The bad news: The deletion process is too good. I didn't receive a single message from the many newsletters I'd been unsubscribed from. Oh no!
Some newsletters are regular and predictable, but many are not. These are the ones where you get the odd valuable unique insight or a punchy soundbite. The few I might not know I missed, but, would miss the most.
So: How do I find and recover all these newsletters that I've previously signed up for?
Email inboxes are just big log-files
The nice thing about newsletters is that they're “just” emails. And the nice thing about emails is that they're “just” files. Specifically, they are log files, or, a series of mails recorded in a standardised format.
This is a slight oversimplification, because in reality emails can be stored in nearly any way, but the conceptual model still works.

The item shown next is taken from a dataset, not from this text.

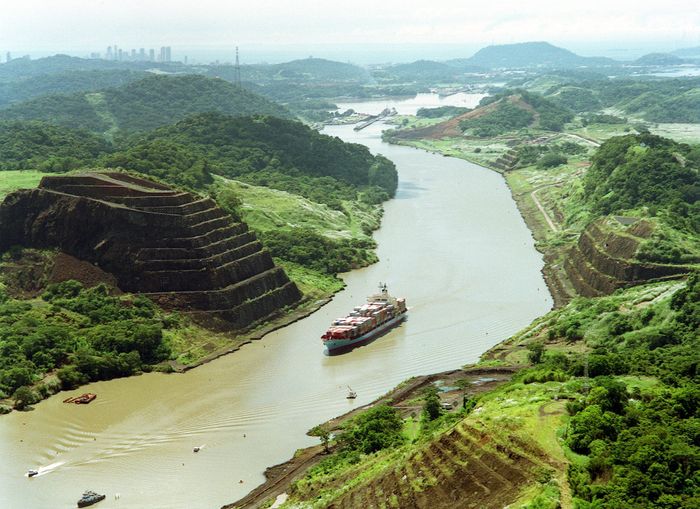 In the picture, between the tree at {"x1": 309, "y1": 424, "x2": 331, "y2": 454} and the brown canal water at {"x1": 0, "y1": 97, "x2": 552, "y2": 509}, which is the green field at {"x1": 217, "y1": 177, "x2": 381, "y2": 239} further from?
the tree at {"x1": 309, "y1": 424, "x2": 331, "y2": 454}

What this means is that it's possible to scan over all of these mails to reconstruct my history and to derive a list of the newsletters I read. Sweet.
Let's go about solving this problem like this:
- Find all mails sent from Subtack.com.
- Identify which newsletter they are from.
- Put those into a list.
- Optionally, group by the email address they were sent to.
Okay, from a busy inbox, how do we do that?
What do the standards say?
This post isn't about the history of email - there's a fascinating series of IETF RFCs which build up the format we know today.
The first standard which will help today is RFC-822, the standard for the format of ARPA Internet Text Messages.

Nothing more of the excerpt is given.